--- Excerpted records ---
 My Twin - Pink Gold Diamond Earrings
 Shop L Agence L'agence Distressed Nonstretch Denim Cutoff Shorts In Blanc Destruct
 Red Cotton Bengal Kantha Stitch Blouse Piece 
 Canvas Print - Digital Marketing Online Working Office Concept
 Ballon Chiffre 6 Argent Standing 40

--

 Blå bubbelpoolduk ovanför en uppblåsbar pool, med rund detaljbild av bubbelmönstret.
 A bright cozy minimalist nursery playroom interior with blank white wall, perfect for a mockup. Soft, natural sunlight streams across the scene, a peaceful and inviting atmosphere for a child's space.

--- Task to complete ---
Your task for the entries above: copy exactly the span starting with the line with "My Twin - Pink Gold Diamond Earrings" and going on through the line with "Ballon Chiffre 6 Argent Standing 40", both lines included, and nothing else.

--- Answer for this exercise ---
 My Twin - Pink Gold Diamond Earrings
 Shop L Agence L'agence Distressed Nonstretch Denim Cutoff Shorts In Blanc Destruct
 Red Cotton Bengal Kantha Stitch Blouse Piece 
 Canvas Print - Digital Marketing Online Working Office Concept
 Ballon Chiffre 6 Argent Standing 40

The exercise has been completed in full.